A news crawler for BBC News, Reuters and New York Times.
- For BBC: It is a news collection from BBC front pages https://www.bbc.com/news, starting from 2015/07/01/. This archive is collected by @dracos. Please refer to his website: https://dracos.co.uk/made/bbc-news-archive/archive.php.
- For Reuters, they have disabled their original archive website. The new website https://www.reuters.com/news/archive has only a limited number of historical articles (starting from 2020/03/08), so I did not update codes for Reuters anymore. But I still keep the codes for Reuters as an example, in case that you want to implement your own codes for Reuters.
- python3
- configobj
- dateutil
- requests
- bs4
- goose3
pip install -r requirements.txt
- xxx_crawler: the executive file to crawl news.

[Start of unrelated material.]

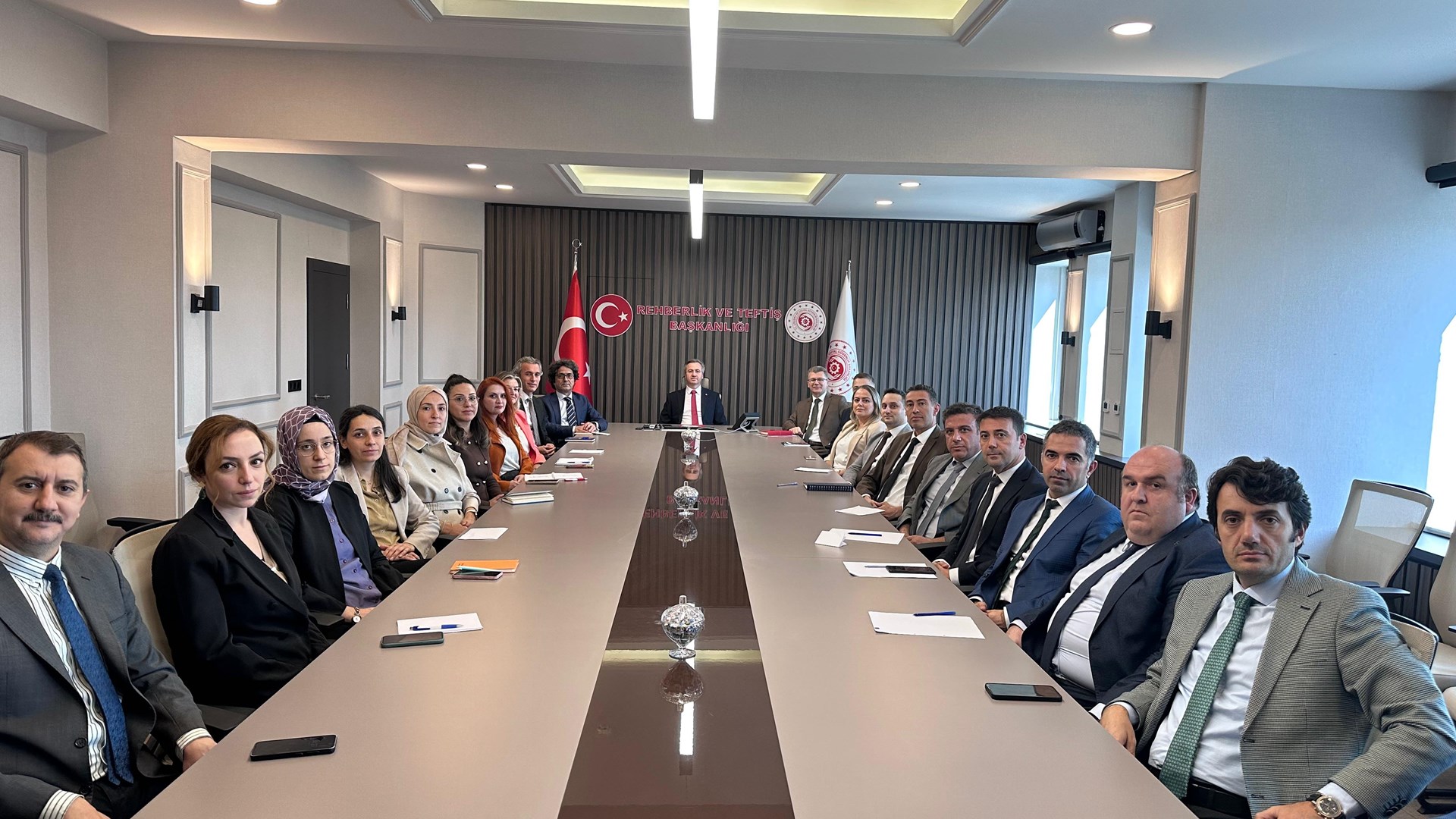 Başkanlığımız bünyesindeki Rapor Değerlendirme Komisyonu tarafından, 1 Ekim 2025’te Rehberlik ve Teftiş Başkanımız Bekir Aktürk, Başkan Yardımcımız Davut Seyhan ve komisyonda görevli iş müfettişlerinin katılımıyla kapsamlı bir değerlendirme toplantısı gerçekleştirildi.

- xxx.cfg: configurations for the crawler, including api, time range and storage path etc.
- xxx_link.py: fetch download links.
- xxx_article: extract content and some meta data of one news article.
python bbc_crawler.py settings/bbc.cfg
python reuters_crawler.py reuters.cfg
python nytimes_crawler.py nytimes.cfg
Modify reuters.cfg
, nytimes.cfg
and bbc.cfg
in settings folder, the main configuration items may be start_date
, end_date
and path
.
If other news sources need to be added, just add files as the architecture, extend the basic class in each folder. Some methods may need to be rewrote.